Transcribe the lines exactly, beginning with the one that contains "People relaxing in" and ending with the final line of the records. Do not transcribe pictures.

[Entries taken from a collection]
********
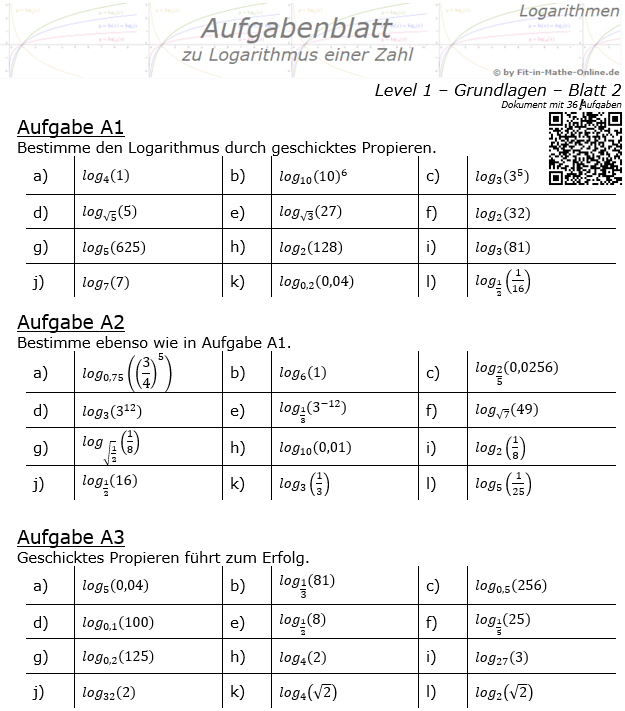 Logarithmus einer Zahl Aufgabenblatt 02 Grundlagen 1/2 / © by Fit-in-Mathe-Online.de
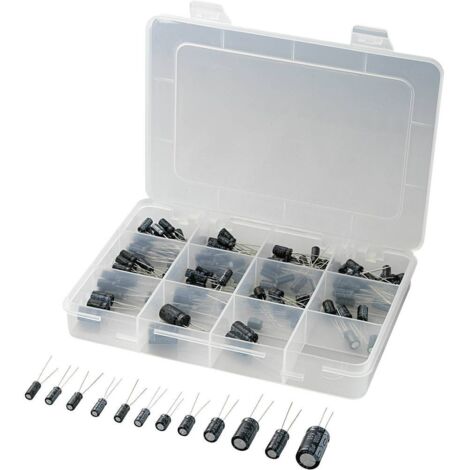 ASSORTIMENT DE CONDENSATEURS ÉLECTROLYTIQUES TRU COMPONENTS 442881 SORTIE RADIALE 142 PARTIES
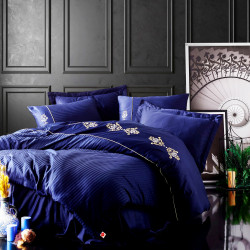 Parure de lit satin de coton PALAZI Blue & Gold - 2 places - 240x260cm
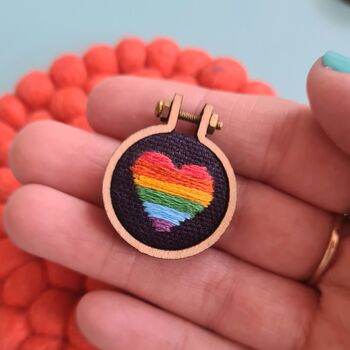 Rainbow Heart Charm Embroidery Kit, 3 of 4
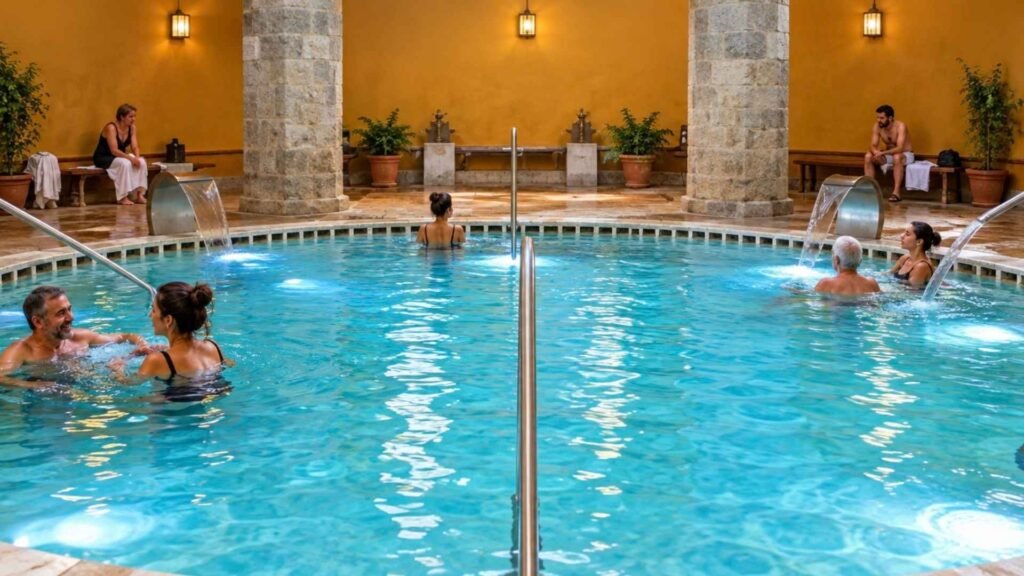 People relaxing in a clear indoor thermal pool surrounded by historic stone columns and gentle water jets.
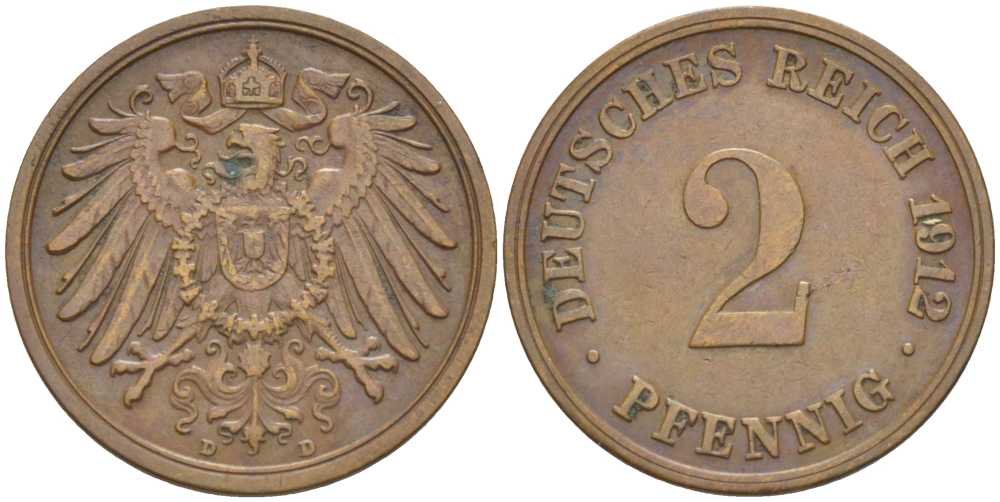 Германия 2 пфеннига 1912 D KM 16, J. 11, Weege 4 медь 206-625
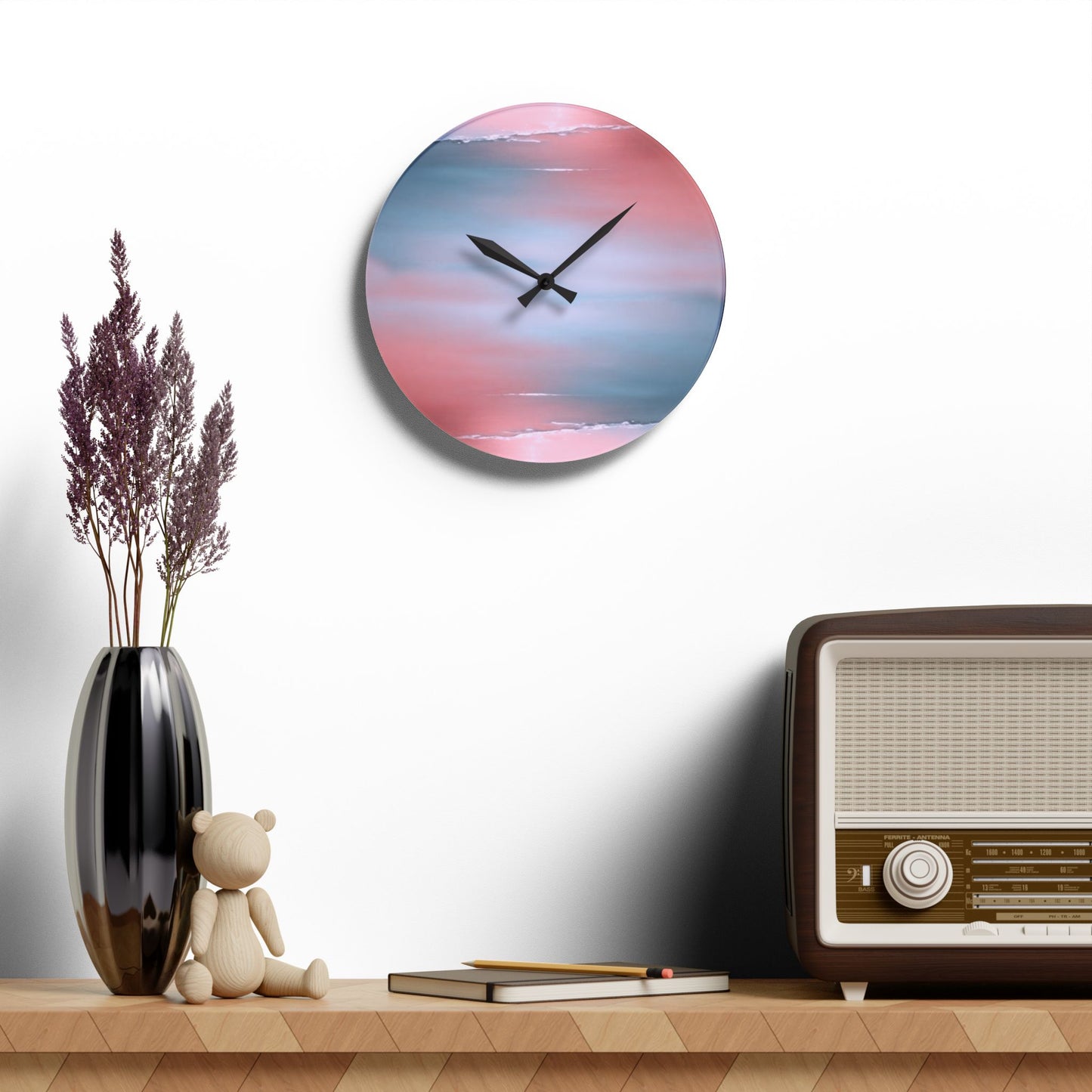 Gray Sea Pink Fog Acrylic Wall Clock, Round or Square, 10.75" x 10.75"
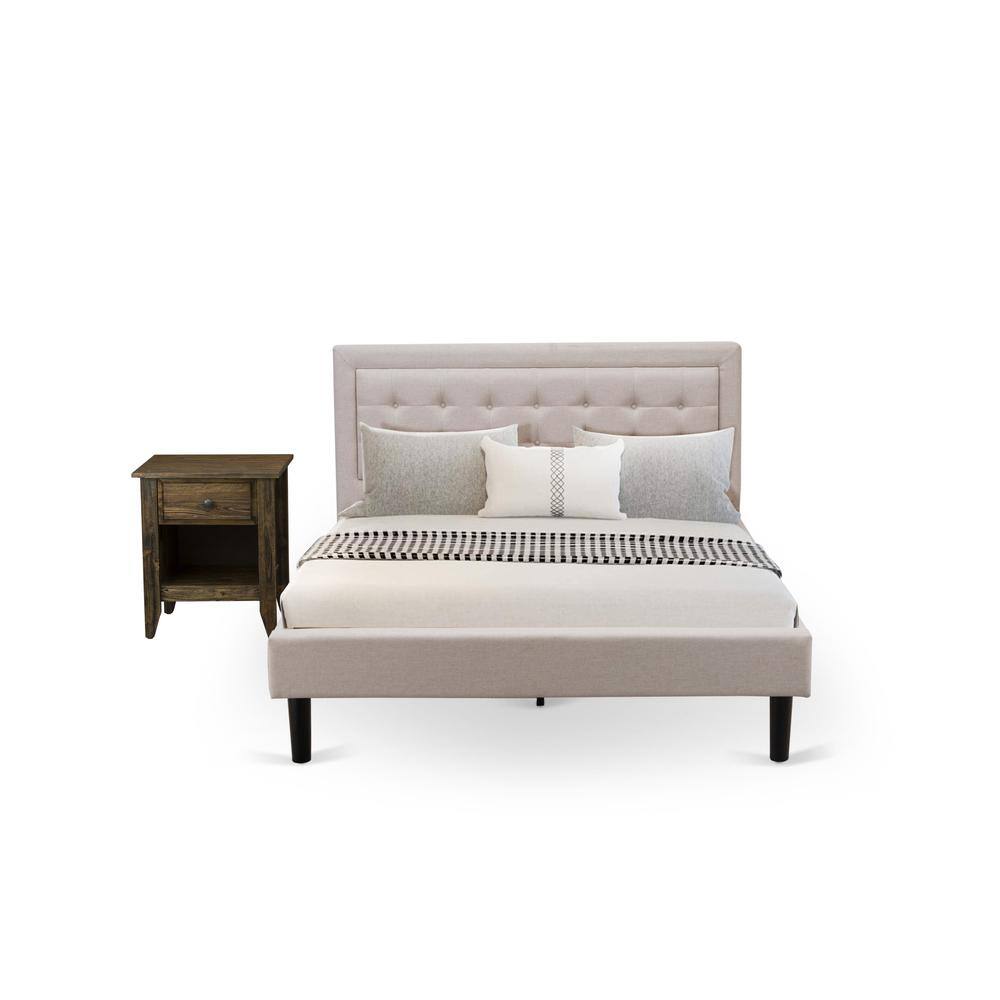 Front. East West Furniture - FN08Q-1GA07 2-Piece Fannin Queen Bedroom Set with 1 Wingback Bed and a Mid Century Modern Nightstand - Mist Beige Linen - Mist Beige.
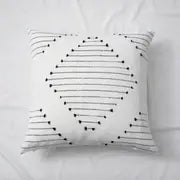 Boho-Chic Black & White Pillow Cover 18"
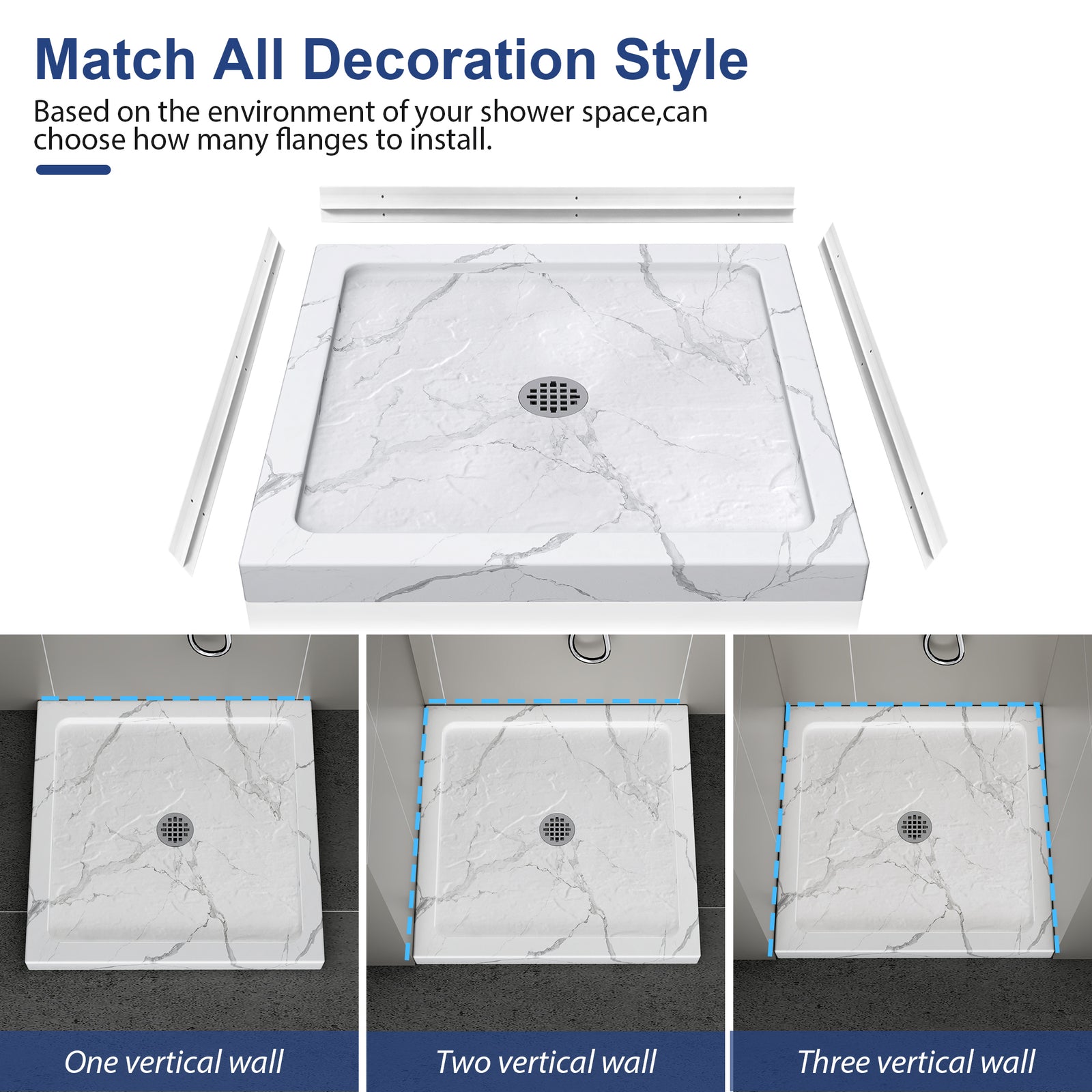 KPUY Square Acrylic/ABS Shower Base Pan with Center Drain, Carrara White Stone-Look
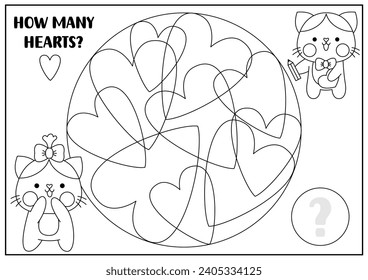 Saint Valentine black and white counting game with cute kawaii cats and heart squiggle. Love holiday math activity for kids. Printable counting worksheet, coloring page. Quiz with hearts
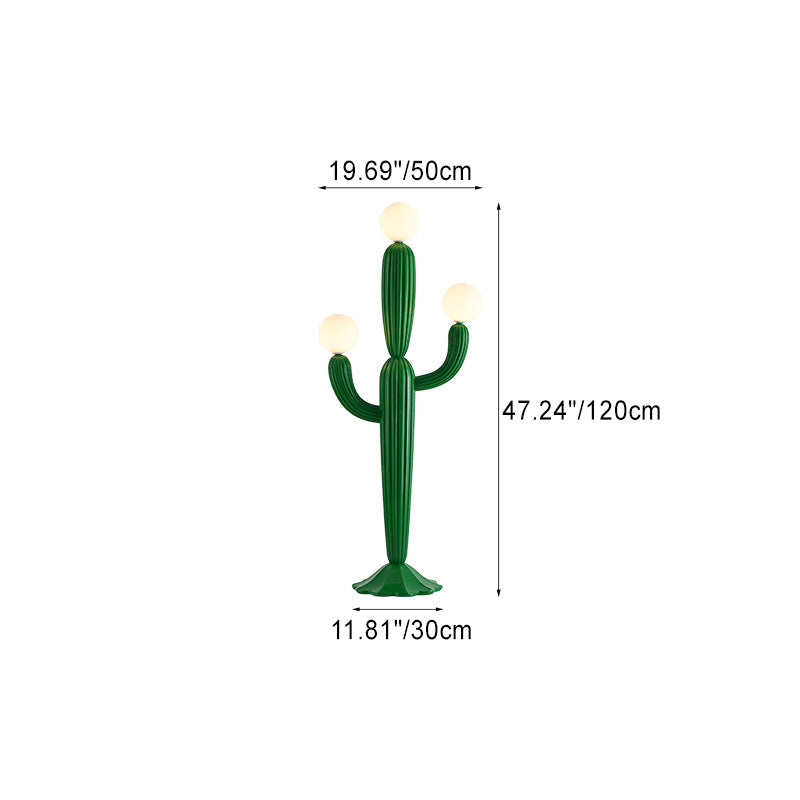 CactusGlow Designer Stehlampe | 3-Licht Design | Harz & Glas für Wohnzimmer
********
> TASK SOLUTION
 People relaxing in a clear indoor thermal pool surrounded by historic stone columns and gentle water jets.
 Германия 2 пфеннига 1912 D KM 16, J. 11, Weege 4 медь 206-625
 Gray Sea Pink Fog Acrylic Wall Clock, Round or Square, 10.75" x 10.75"
 Front. East West Furniture - FN08Q-1GA07 2-Piece Fannin Queen Bedroom Set with 1 Wingback Bed and a Mid Century Modern Nightstand - Mist Beige Linen - Mist Beige.
 Boho-Chic Black & White Pillow Cover 18"
 KPUY Square Acrylic/ABS Shower Base Pan with Center Drain, Carrara White Stone-Look
 Saint Valentine black and white counting game with cute kawaii cats and heart squiggle. Love holiday math activity for kids. Printable counting worksheet, coloring page. Quiz with hearts
 CactusGlow Designer Stehlampe | 3-Licht Design | Harz & Glas für Wohnzimmer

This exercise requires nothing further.